# Engaged to Bipolar with sex addiction..don't know I am strong enough for this



## lisab0105 (Oct 26, 2011)

Up until May of this year, I thought I found the perfect guy for me. Not the perfect guy ever..but perfect enough for me. He is bipolar, but is responsible with it, counseling, meds..all of it. 

In May we found out we were having a baby. To say he freaked would be an understatement. That is definitely when our relationship took a turn. That is when his lack of interest in me started, that is when his moods would go dark. I think whatever he was feeling for me sort of shut down. He wanted me to have an abortion and while I considered it for his sake..I just couldn't do it in the end. But in having this baby, already a single mom to a 3 year old and not a whole lot of the cash flow coming in, I knew something in my life needed a change if I was going to be able to afford this baby. So, I moved to Arizona to try and make a better life for me, the kids and my guy. He stayed behind for a month until I could get us set up. Things were still rough, but he insisted he loved me and wanted to be with me..and near his baby. 
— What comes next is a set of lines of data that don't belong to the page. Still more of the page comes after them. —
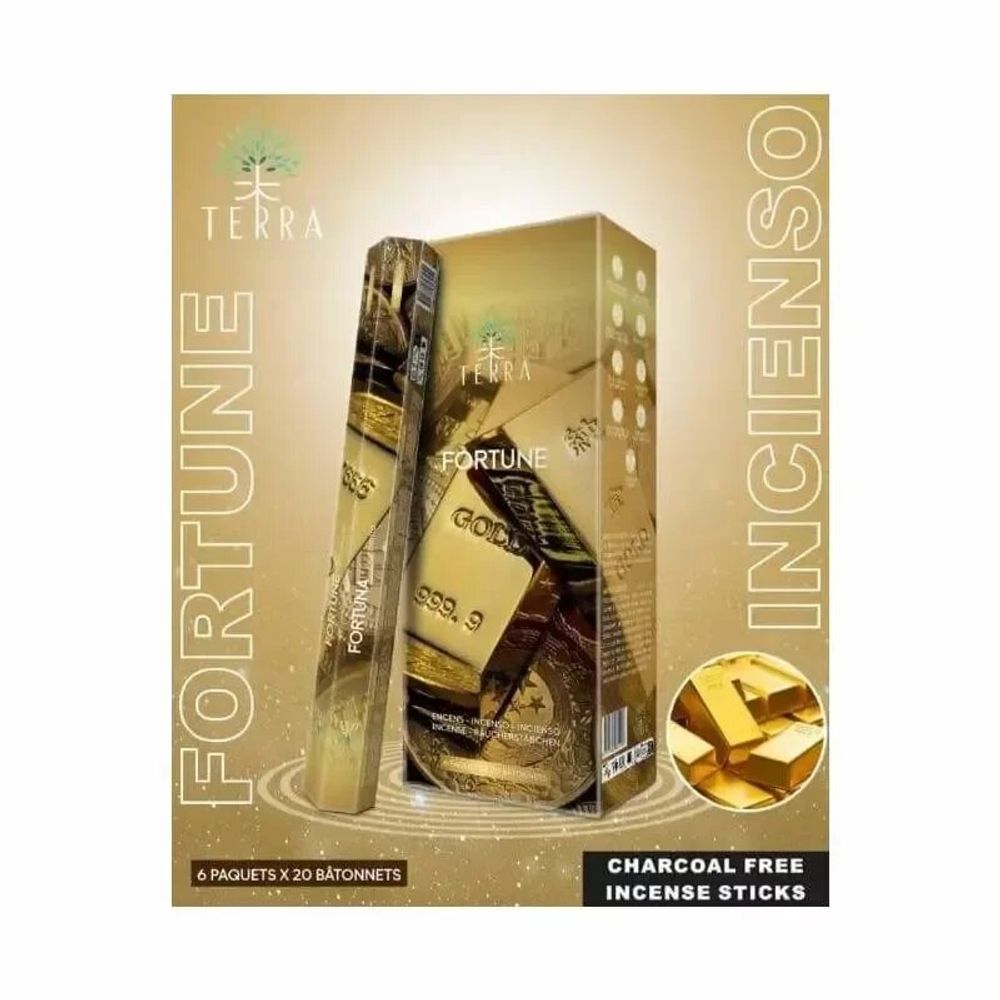 Scents - Terra incense fortune hexa without charcoal 30grs - ARABESK
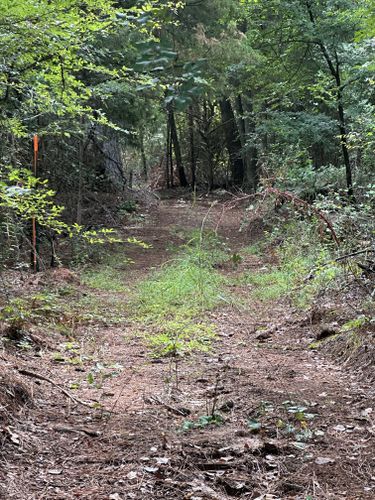 Land Clearing for Tyler Sand Gravel And Excavation in Ben Wheeler, TX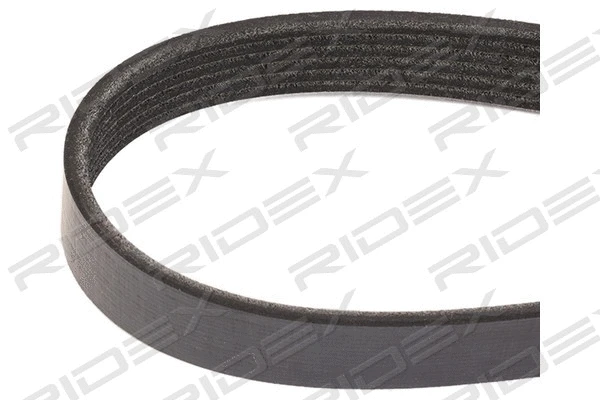 V-Ribbed Belt (305P0170)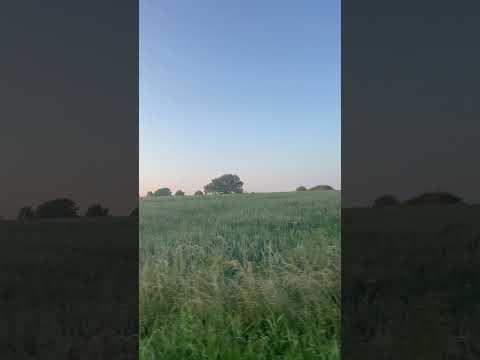 #luxembourg #capellen #farming #fields #summer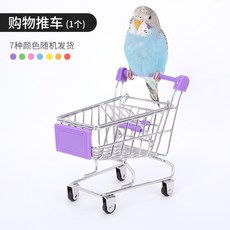 공벌레키우기세트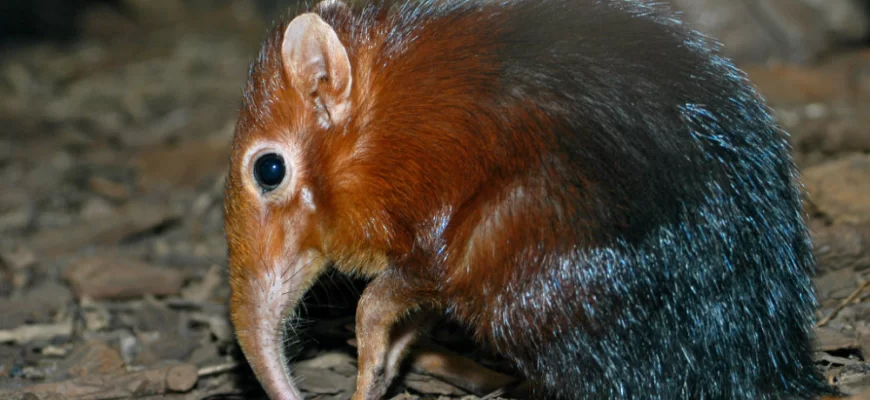 Grey-faced Sengi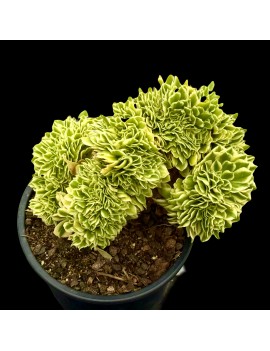 Aeonium 'Green Medusa Crested'
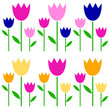 Vektor: Colorful spring Tulips set isolated on white Colorful spring Tulips set isolated on white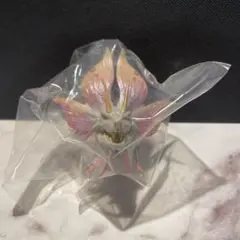 一番くじ モンスターハンターワイルズ モンスターヘッドマグネット　タマミツネ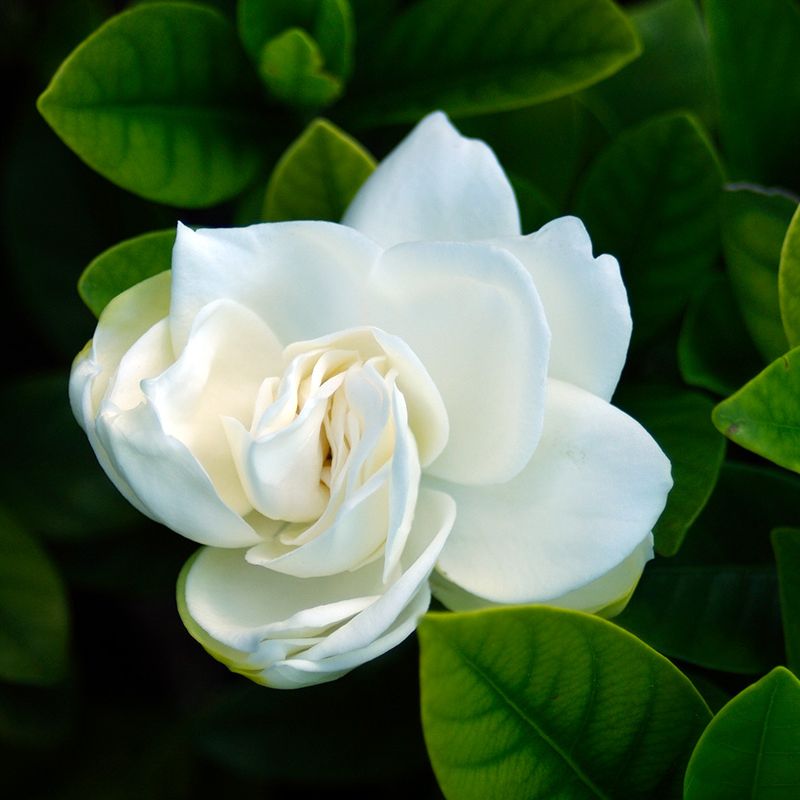 Hoa bạch thiên hương trắng tinh khiết và sang trọng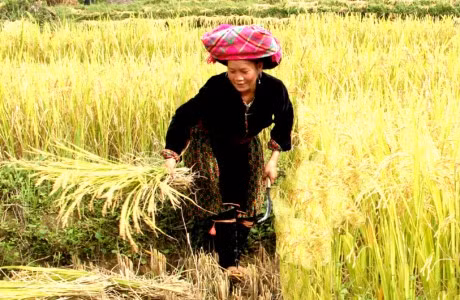 Ngắm vẻ đẹp mộc mạc của phụ nữ vùng cao Tây Bắc ảnh 9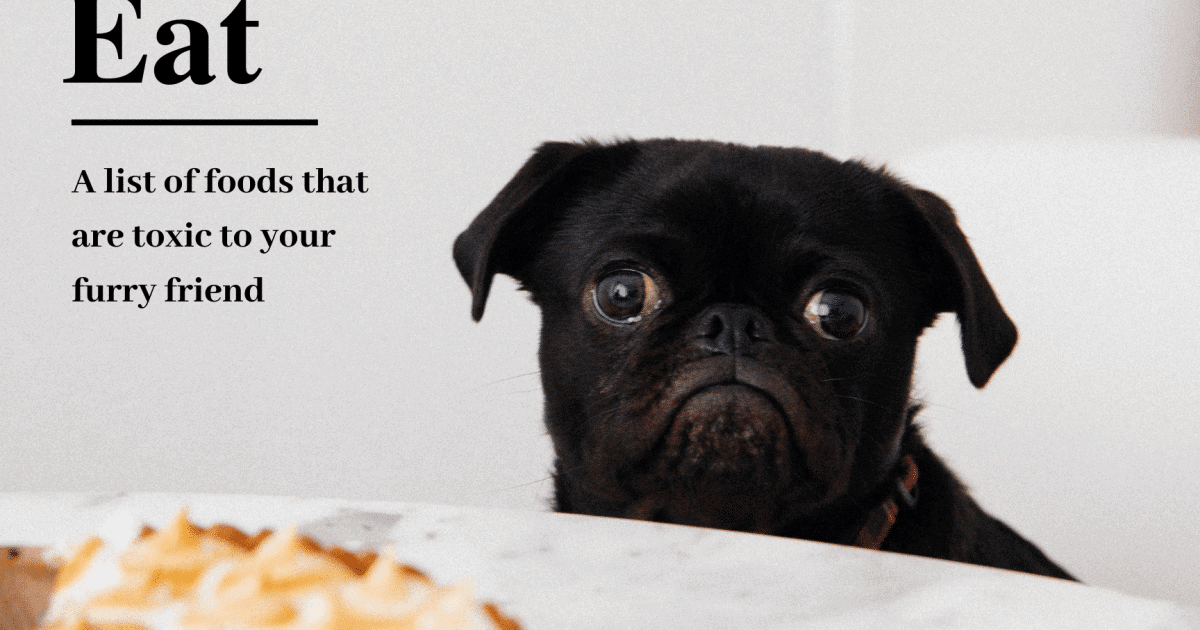 What Happens If a Dog Eats Bird Seed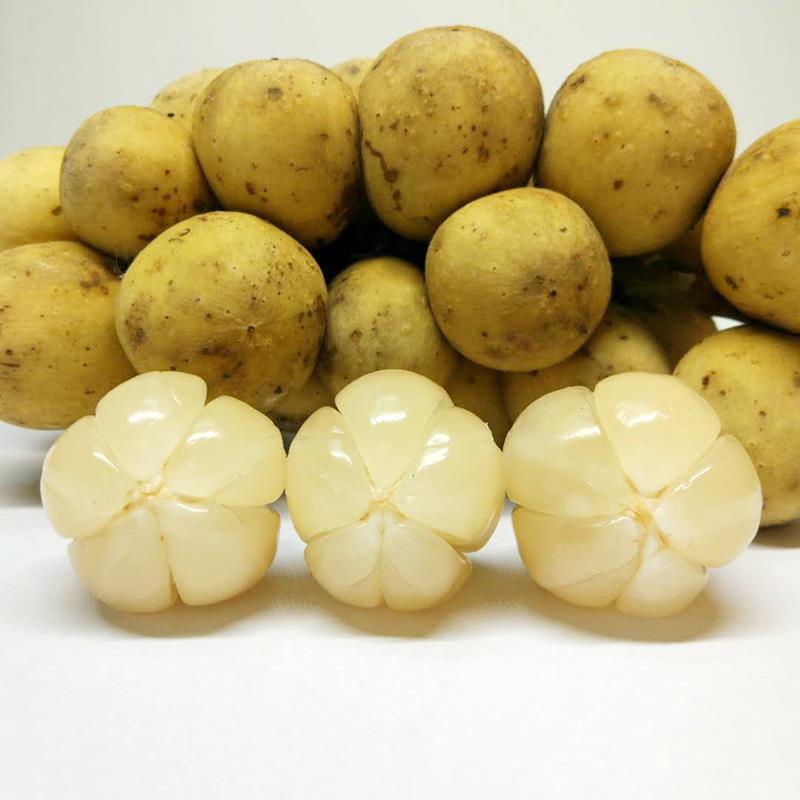 木奶果龙宫果西双版纳热带罕见稀有水果孕妇水果1斤顺丰直达 1斤尝鲜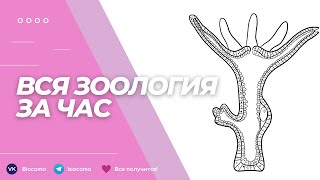 ВСЯ ЗООЛОГИЯ ЗА ЧАС | Биология ЕГЭ 2023 | Biocoma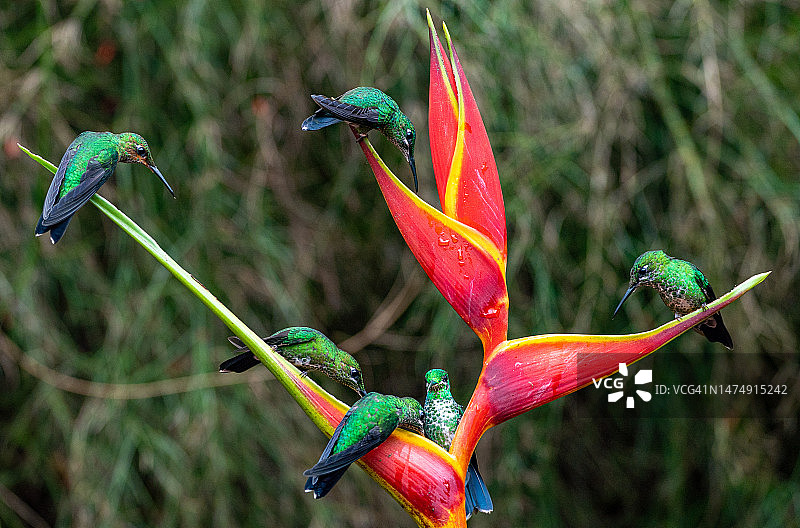 一群美丽的野生绿冠蜂鸟在哥斯达黎加的中央云雾森林，靠近中美洲的圣何塞和波阿斯火山图片素材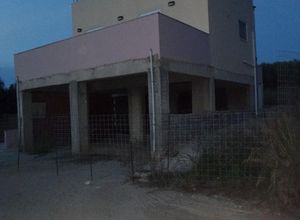 House Skepasti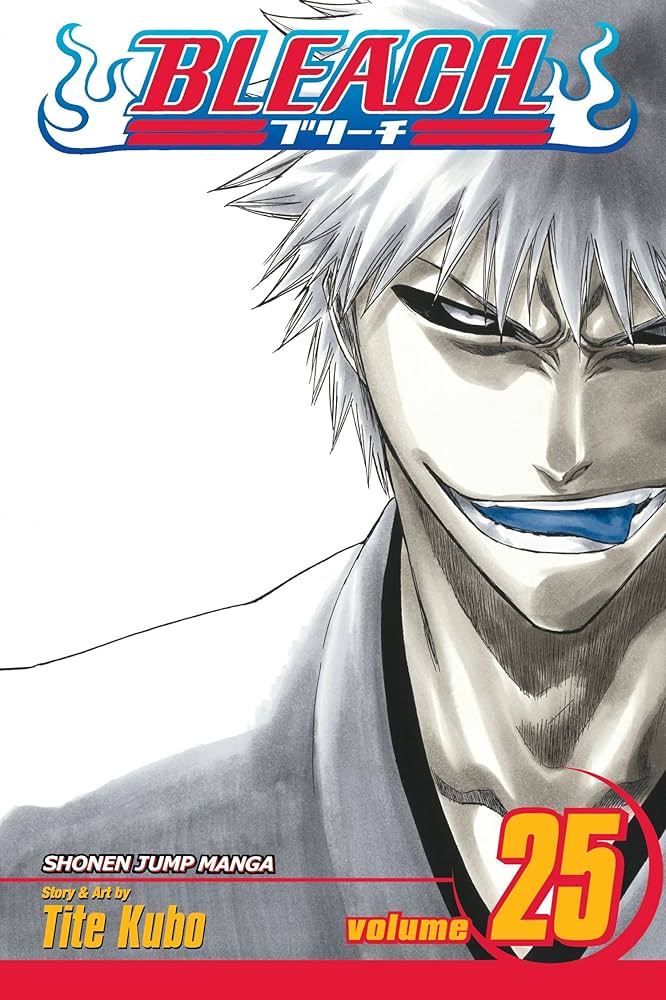 BLEACH N°25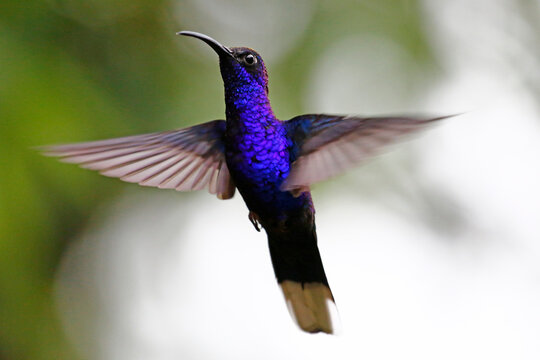 Violet Sabrewing hummingbird (Campylopterus hemileucurus), taken at Panacam Lodge, Honduras.
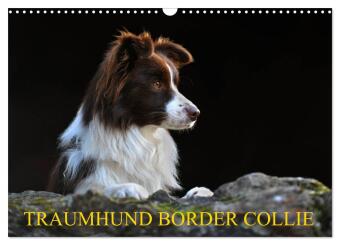 Kalendář/Diář Traumhund Border Collie (Wandkalender 2027 DIN A3 quer), CALVENDO Monatskalender Calvendo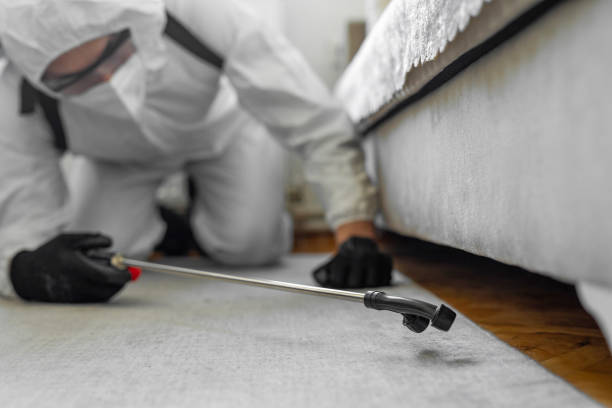 Professional Pest Control technician working in Rush City, MN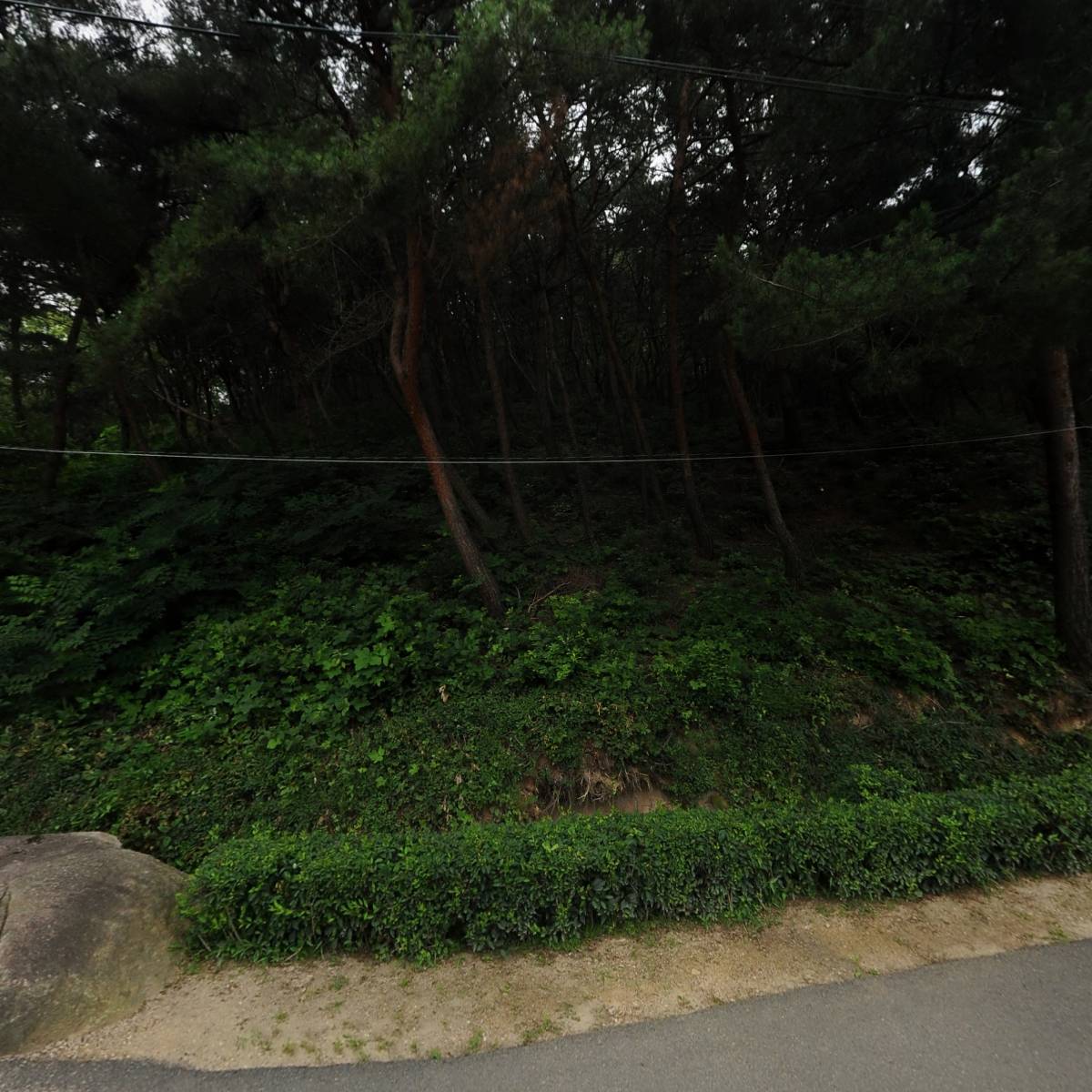 (주)위드포엠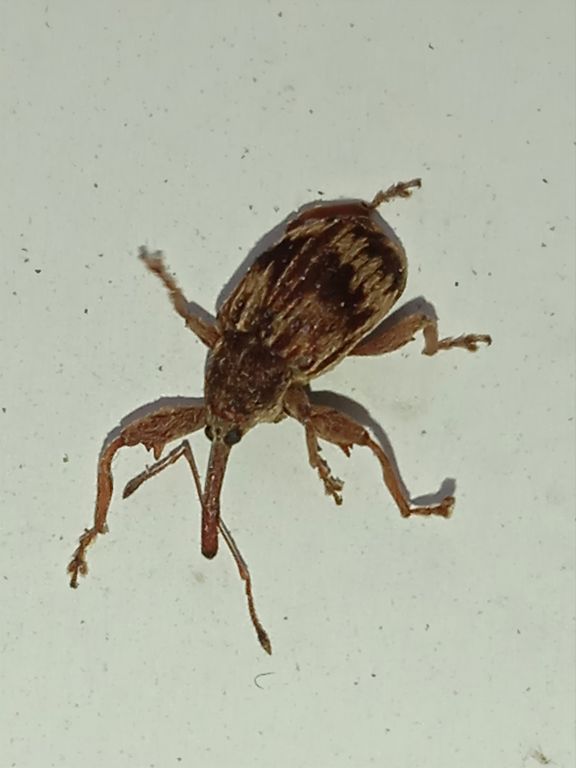 Anthonomus (Furcipus) rectirostris (Linnaeus, 1758)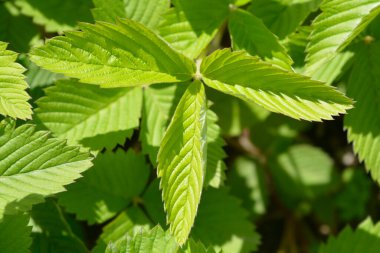 Green strawberry eaves - Latin name - Fragaria viridis
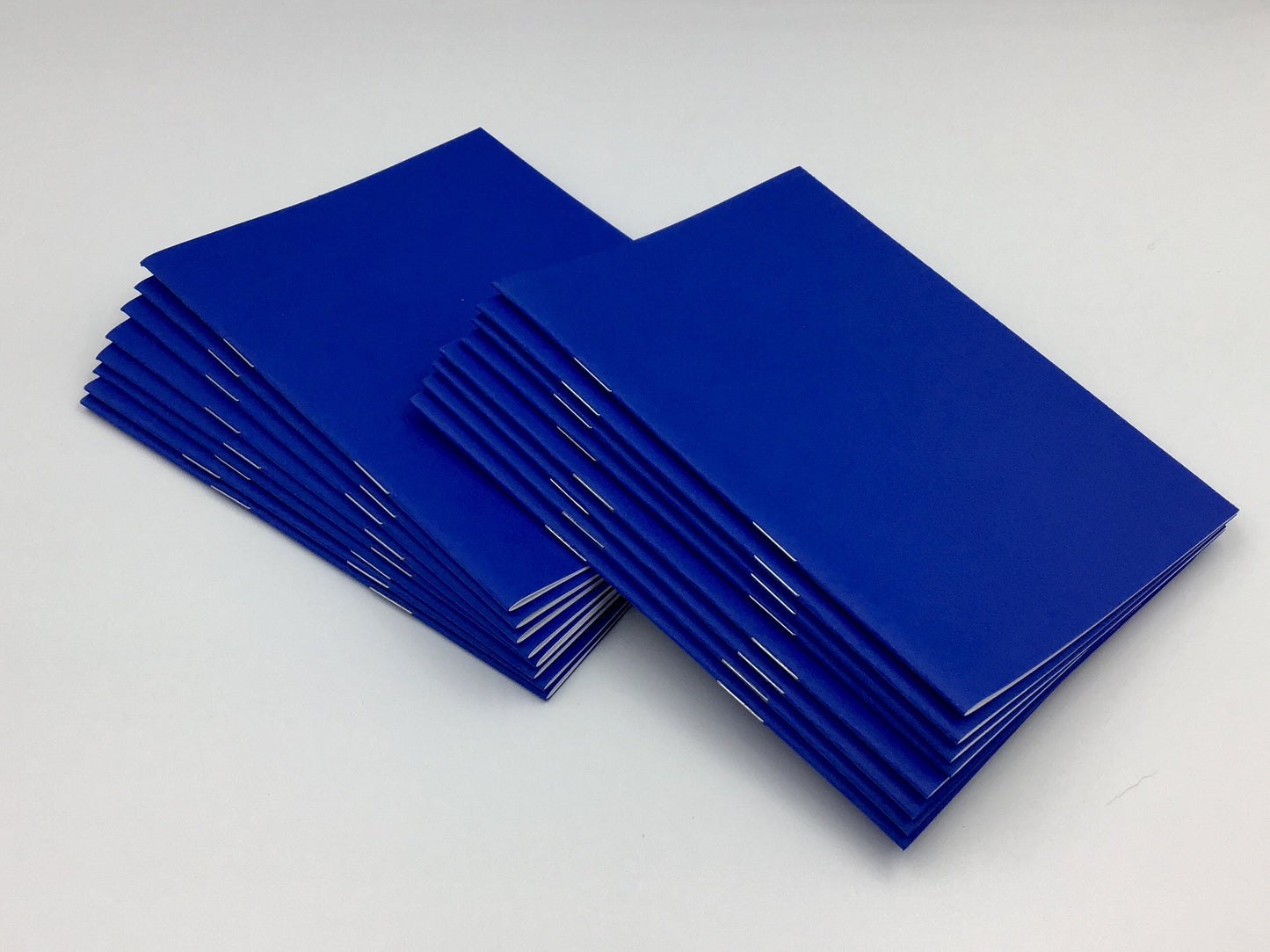 Blank Blue Booklets (Parables)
So this was back in June/July. We became engaged in September and about a week later he came clean and told me that he cheated on me..some one night stand before he left town to be with me.. I also found out he had tried hooking up with a bartender, meeting girls from those nasty craigslist ads..xrated dating sites. To say I have been devastated would be an understatement. He says that his cheated was triggered by his anger at me for not having the abortion, for moving away and unintentionally or intentionally forcing him to move as well. 
His constant need to keep finding new people to sleep with is also triggered by his sex addiction which is a biproduct of his bipolar. I have done the research, I know he isn't full of it. But that doesn't make it any easier and it doesn't make the hurt less. 

I am almost eight months pregnant and always in constant paranoia of my fiance going out and trying to sleep with other poeple. He insists he wants to marry me and loves me. But has an insane urge to.."spread his seed" I guess. 

He agreed to go see a family counselor with me...but I don't know if I am strong enough to do this. I am trying, but my whole body hurts knowing that when he is crawling into bed with me..he very could have just been in bed with someone else. 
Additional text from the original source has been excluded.